From the Department of Pediatrics, University of Pennsylvania, School of Medicine, and the Children's Hospital of Philadelphia.

JAMA. 1957;165(10):1237-1240. doi:10.1001/jama.1957.02980280011004

The results achieved in caring for 251 infants with hemolytic disease secondary to Rh blood group incompatibility varied significantly according to the infants' age when first available for treatment. Treatment was aimed to maintain the total serum bilirubin level below 20 mg. per 100 ml. during the first five days of life. A cure was achieved in 97% of those infants first seen prior to their age of 12 hours and the five failures encountered in this group of infants were deaths occuring among babies born critically ill. The percentage of failures among the infants who were referred after age 12 hours was 12% and the type of failure encountered was most frequently an infant who survived with cerebral palsy.

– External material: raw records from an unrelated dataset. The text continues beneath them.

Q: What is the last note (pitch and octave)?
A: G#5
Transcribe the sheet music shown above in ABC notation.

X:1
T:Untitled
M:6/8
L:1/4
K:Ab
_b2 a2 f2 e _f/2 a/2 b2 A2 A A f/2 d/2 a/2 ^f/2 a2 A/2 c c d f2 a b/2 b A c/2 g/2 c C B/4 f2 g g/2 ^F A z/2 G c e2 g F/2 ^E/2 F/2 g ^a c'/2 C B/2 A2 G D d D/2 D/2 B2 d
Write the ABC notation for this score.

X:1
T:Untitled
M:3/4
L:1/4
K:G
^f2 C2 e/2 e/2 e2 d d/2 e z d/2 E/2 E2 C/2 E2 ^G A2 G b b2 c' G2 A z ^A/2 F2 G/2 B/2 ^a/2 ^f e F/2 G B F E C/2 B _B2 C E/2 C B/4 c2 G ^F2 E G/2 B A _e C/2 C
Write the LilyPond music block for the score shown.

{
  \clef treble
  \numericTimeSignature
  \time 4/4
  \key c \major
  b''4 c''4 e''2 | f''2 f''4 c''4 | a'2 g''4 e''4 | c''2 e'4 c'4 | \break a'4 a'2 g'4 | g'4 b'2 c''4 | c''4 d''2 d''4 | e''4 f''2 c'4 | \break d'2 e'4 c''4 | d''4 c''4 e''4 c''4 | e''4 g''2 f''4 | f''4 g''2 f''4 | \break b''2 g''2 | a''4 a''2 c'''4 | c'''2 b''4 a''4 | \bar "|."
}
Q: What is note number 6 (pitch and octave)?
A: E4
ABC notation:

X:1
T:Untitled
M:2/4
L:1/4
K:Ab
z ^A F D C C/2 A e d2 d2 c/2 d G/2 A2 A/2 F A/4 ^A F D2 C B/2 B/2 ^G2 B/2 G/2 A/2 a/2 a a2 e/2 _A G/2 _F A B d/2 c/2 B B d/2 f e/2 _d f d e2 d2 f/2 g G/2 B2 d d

Fifty-six of the infants available for treatment early were babies born to women who had had a previous infant with hemolytic disease secondary to an Rh blood group incompatibility. Fifty-three of these infants did well and three died. Therefore one is not justified in the great majority of instandes in recommending that a sensitized woman not risk a future pregnancy.

Because of a significantly higher percentage of failures encountered in premature infants and because of the difficulty in being certain that a previously sensitized woman is carrying an infant with hemolytic disease, warning is given against the indiscriminate use of early termination of pregnancy in the management of this disease. This approach should be used only in carefully selected cases.